The McClelland report of 14 years ago said doing nothing is not acceptable.

“This structure is located on the east side of Main Street and carries storm water from a point approximately 1,500 linear feet upstream of the intersection of Main Street and Flint Street,” the engineering report states. “This conduit is approximately 100 years old and is comprised of many different cross sections and materials. Some sections are hand-cut native limestone that appears to have been dry-stacked in place while others are made of stone masonry with cement mortar joints and a concrete roof. Some areas have been supported by railroad timbers and/or other timbers.”

Alternatives discussed included doing nothing. “This has a zero initial cost but has a potentially catastrophic cost in the future if the tunnel is allowed to continue to deteriorate, resulting in loss of property and, possibly, life,” the report states.

Option Two is a combination of repair of those parts of the tunnel that lie underneath buildings using a “Gunnite Method,” and replacement of those parts of the tunnel beneath parking lots with pre-cast concrete box culvert. The initial cost of this option was estimated to be $3.75 million in 2011 dollars. 

Option Three is the abandonment/filling of the existing tunnel and complete replacement with a pre-cast concrete box culvert that would roughly parallel the route of the existing tunnel. That option would accomplish the objective to prevent a catastrophic structural failure of the tunnel and allow for a new drainage system. 

“However, one major problem with this option is that it would require a ‘complete’ solution instead of allowing a staged approach,” the report states. “There would be essentially two linear construction sites parallel with Main Street for a significant period of time creating serious disruptions to downtown merchants, and its total cost is estimated to be $6.1 million. The approach is drastic in nature and the likelihood of unforeseen obstacles is high. It would require all utilities to be relocated. It is likely that street drainage piping would have to run under the street for some distance in order to go around buildings before being routed to the new tunnel. All minor lateral drainage pipes from roofs would have to be identified and routed to the new tunnel.”  
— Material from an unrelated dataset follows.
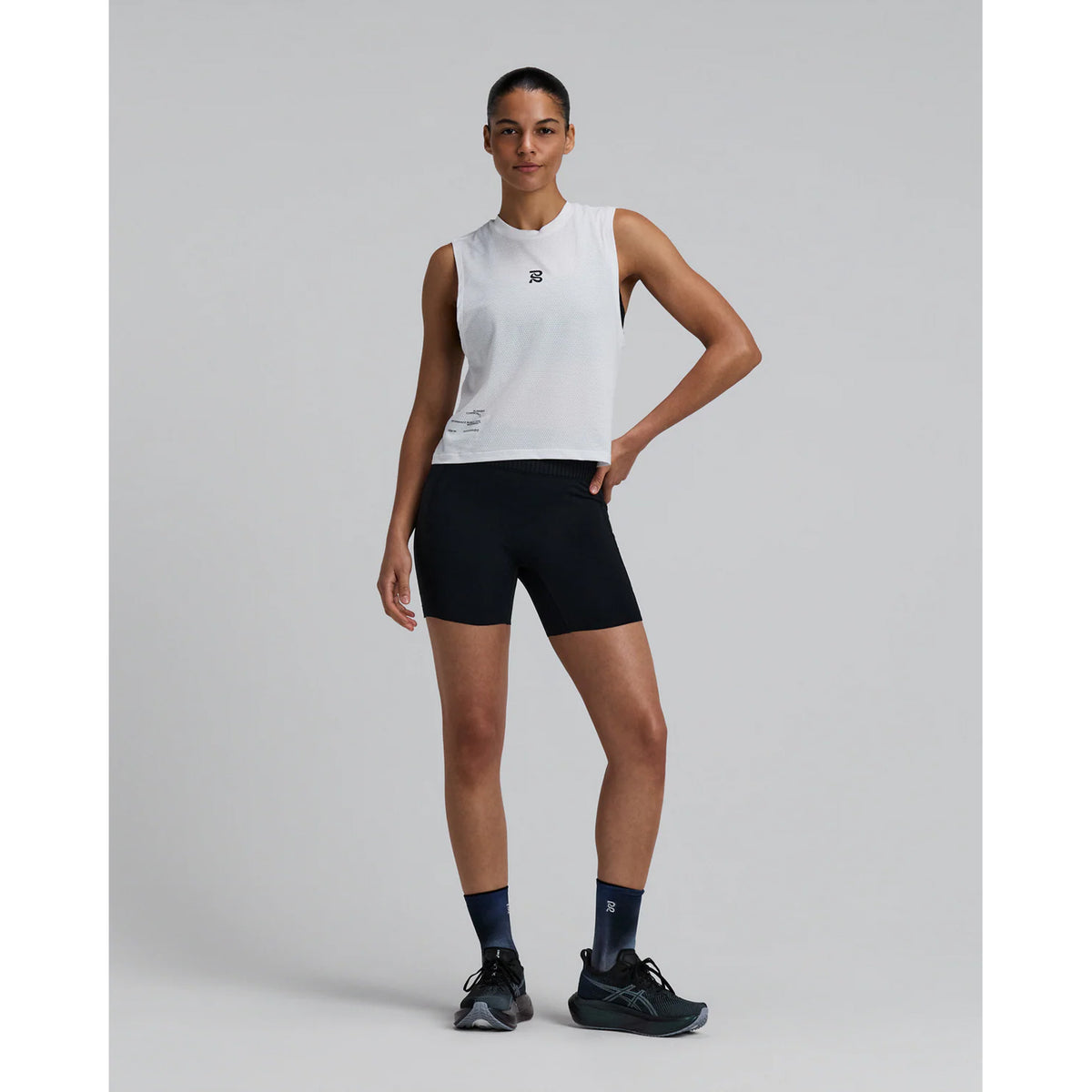 Bandit Micromesh Run Tank women's in White — full body front view worn on model showing sleeveless relaxed silhouette, crew neckline, Micromesh™ fabric drape and reflective logo detail at centre front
The firm recommended option two as less costly than the third option and favorable because it lends itself to staged implementation. The overall project could be divided into several smaller projects allowing the most critical problem areas to be addressed first.

“The cost of each stage can be controlled to match the funding that is available at the time,” the report states. “The construction periods can be shortened to accommodate the City’s various tourism seasons.”